Word for word, transcribe the data below from the line with "vidaXL hynder til" to the line with "1girls against_glass ass", keeping both of those lines.
DATA PROVIDED START
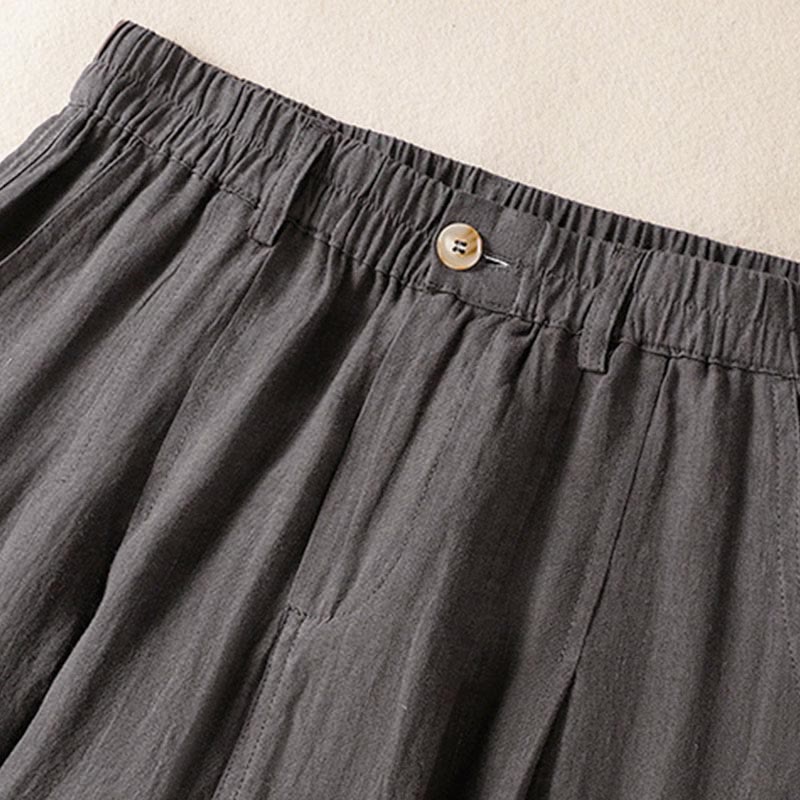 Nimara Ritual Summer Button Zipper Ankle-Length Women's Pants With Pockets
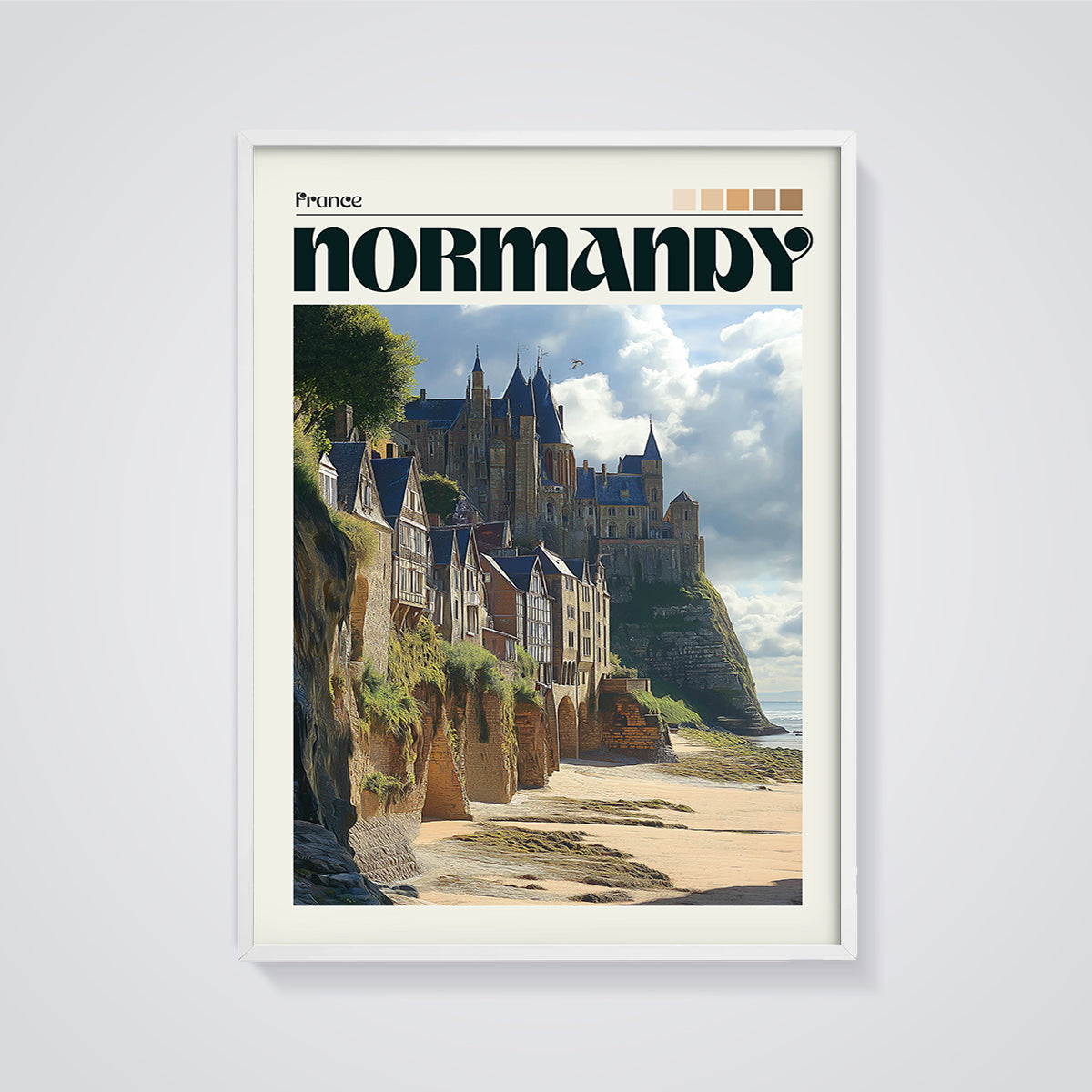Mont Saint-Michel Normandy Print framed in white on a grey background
DATA PROVIDED END
DATA PROVIDED START
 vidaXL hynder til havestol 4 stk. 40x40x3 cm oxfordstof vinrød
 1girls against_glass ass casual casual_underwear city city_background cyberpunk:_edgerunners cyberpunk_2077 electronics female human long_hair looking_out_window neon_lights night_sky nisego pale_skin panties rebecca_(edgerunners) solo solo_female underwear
DATA PROVIDED END
_SOLUTION FOR THIS EXERCISE_.
 vidaXL hynder til havestol 4 stk. 40x40x3 cm oxfordstof vinrød
 1girls against_glass ass casual casual_underwear city city_background cyberpunk:_edgerunners cyberpunk_2077 electronics female human long_hair looking_out_window neon_lights night_sky nisego pale_skin panties rebecca_(edgerunners) solo solo_female underwear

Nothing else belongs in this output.